→ Task prompt: Whatever pictures the entries hold, omit them, and output exactly the lines from the one containing "Anthropologie Silver Swirl Scroll" through the final line.

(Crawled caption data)
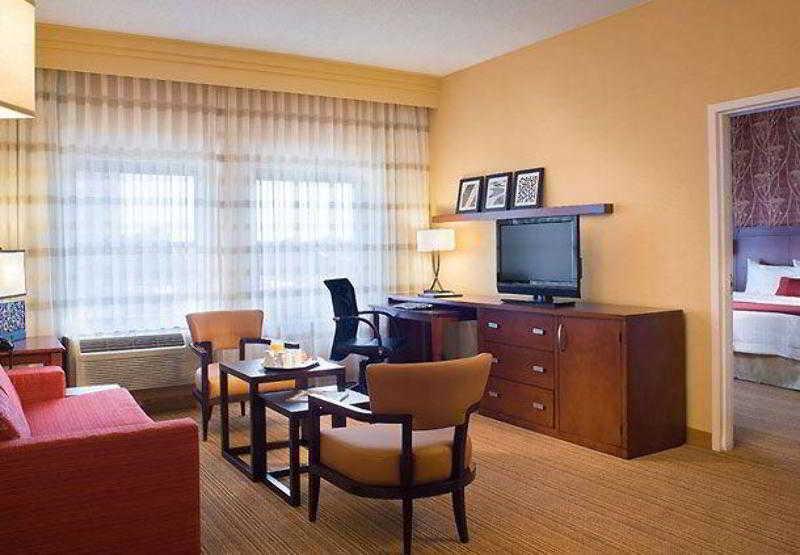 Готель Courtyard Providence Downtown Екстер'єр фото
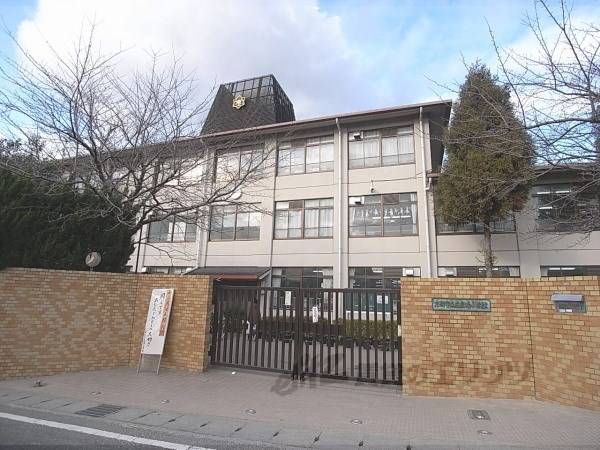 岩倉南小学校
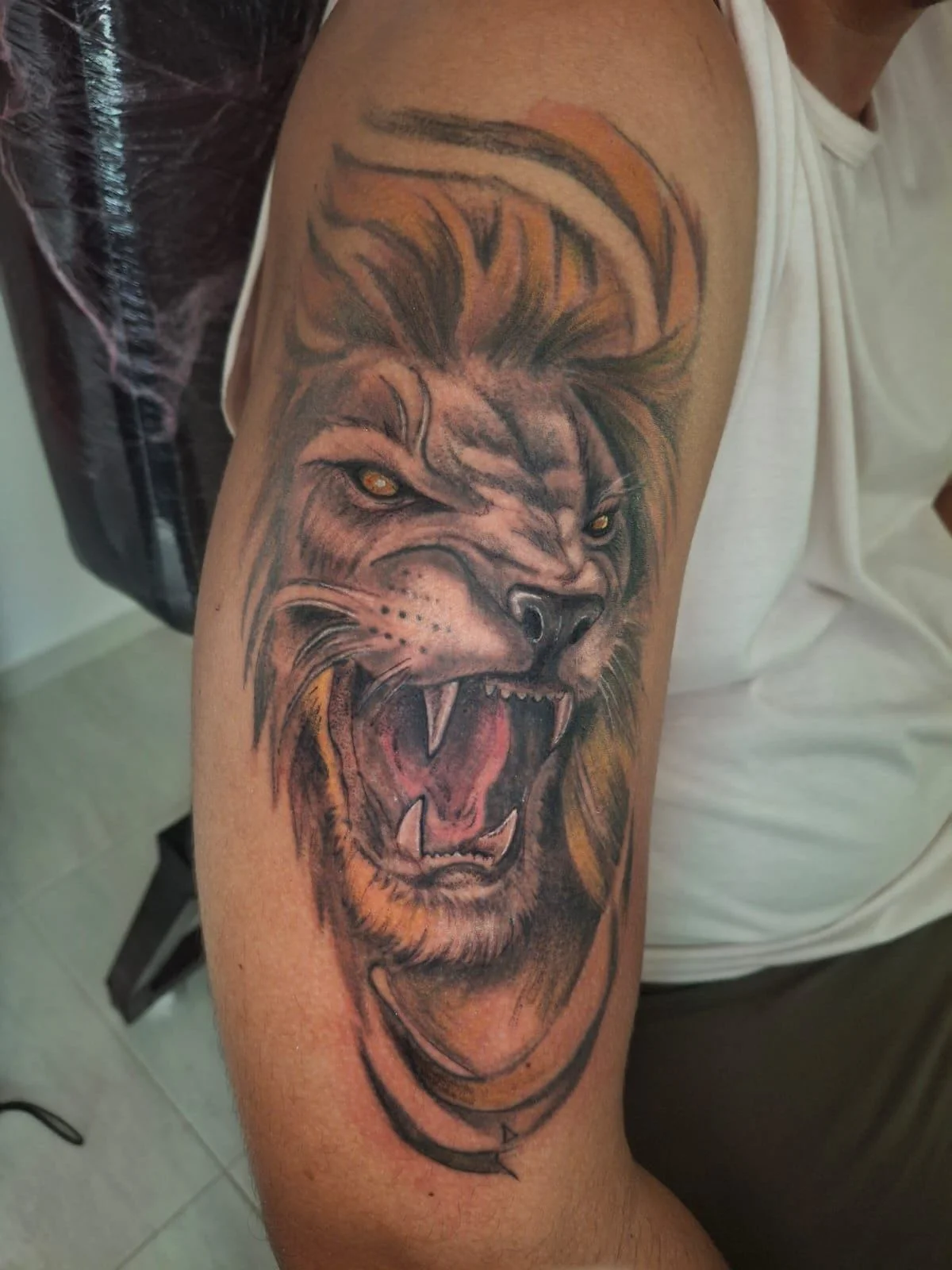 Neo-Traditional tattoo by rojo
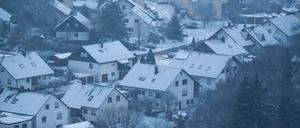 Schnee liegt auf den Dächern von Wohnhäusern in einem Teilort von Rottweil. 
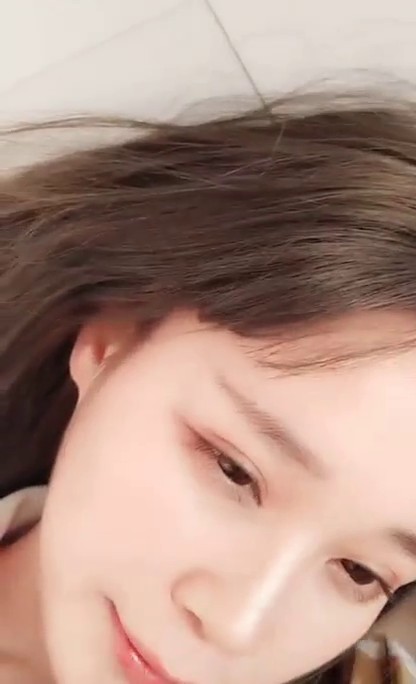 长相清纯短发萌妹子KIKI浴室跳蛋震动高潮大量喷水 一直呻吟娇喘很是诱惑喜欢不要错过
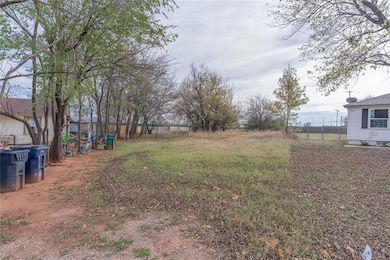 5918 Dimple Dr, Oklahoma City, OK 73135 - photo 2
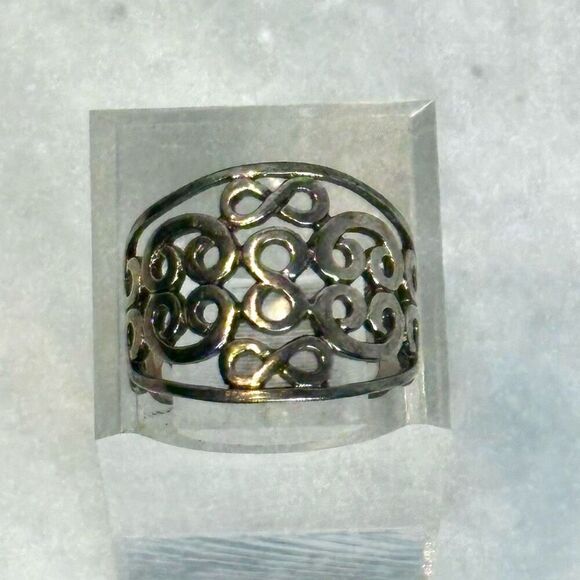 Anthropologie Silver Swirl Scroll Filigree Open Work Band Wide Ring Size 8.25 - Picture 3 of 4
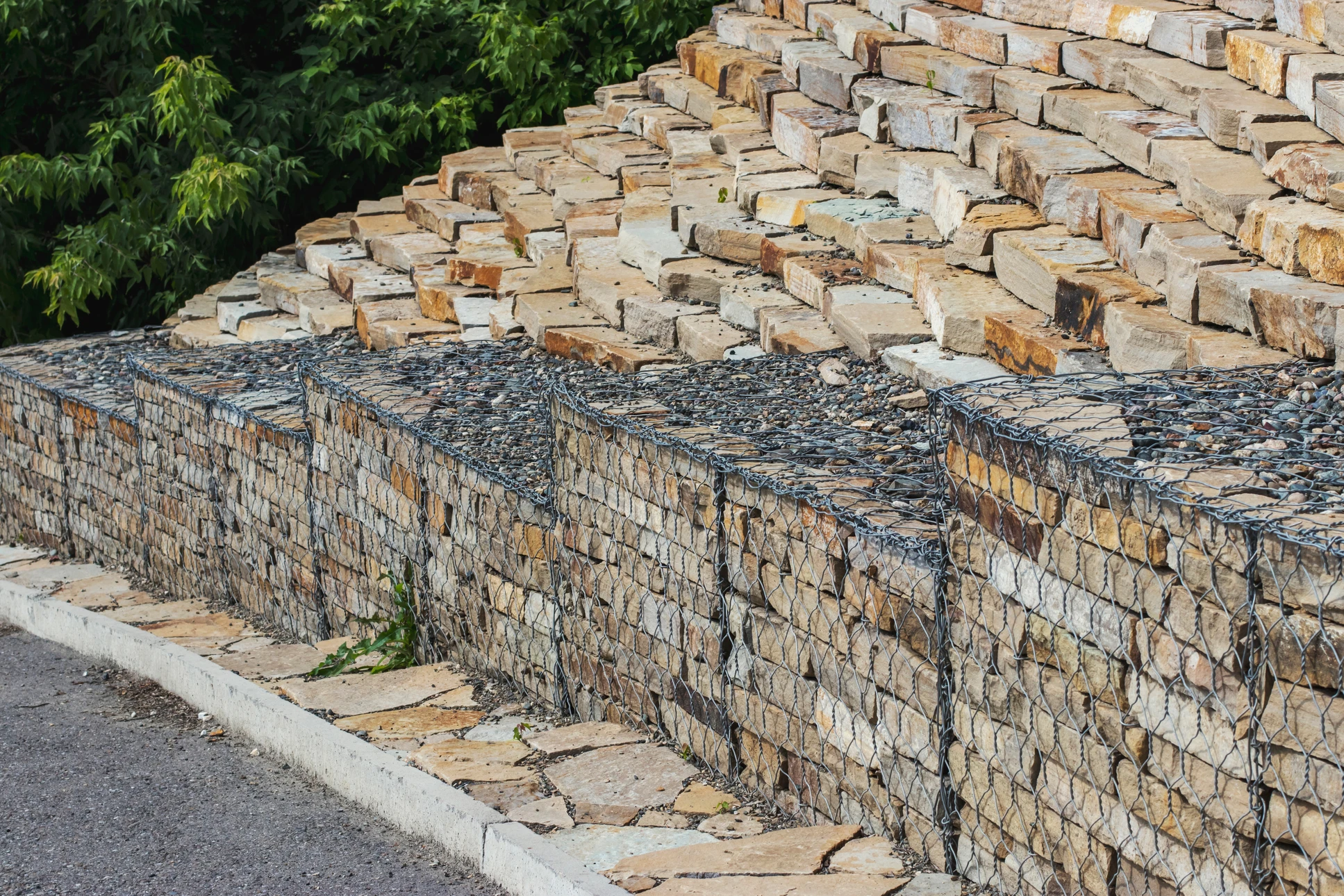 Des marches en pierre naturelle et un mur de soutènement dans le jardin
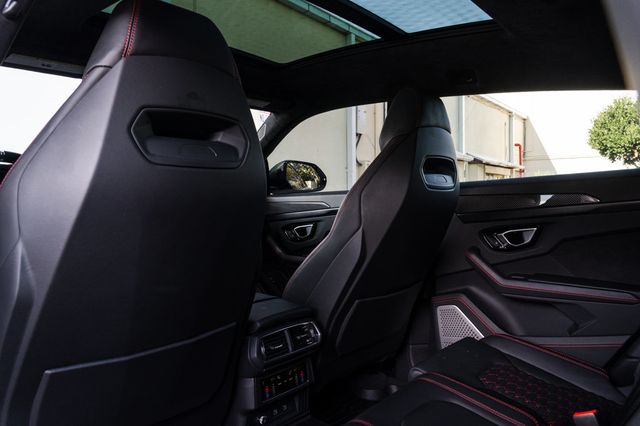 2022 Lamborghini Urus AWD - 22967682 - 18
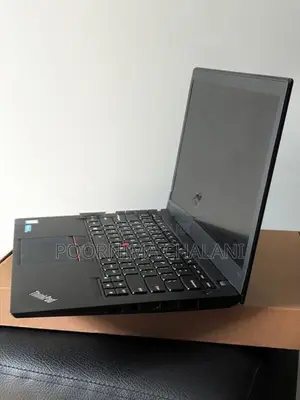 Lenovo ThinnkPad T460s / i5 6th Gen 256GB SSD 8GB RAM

→ Response area:
 Anthropologie Silver Swirl Scroll Filigree Open Work Band Wide Ring Size 8.25 - Picture 3 of 4
 Des marches en pierre naturelle et un mur de soutènement dans le jardin
 2022 Lamborghini Urus AWD - 22967682 - 18
 Lenovo ThinnkPad T460s / i5 6th Gen 256GB SSD 8GB RAM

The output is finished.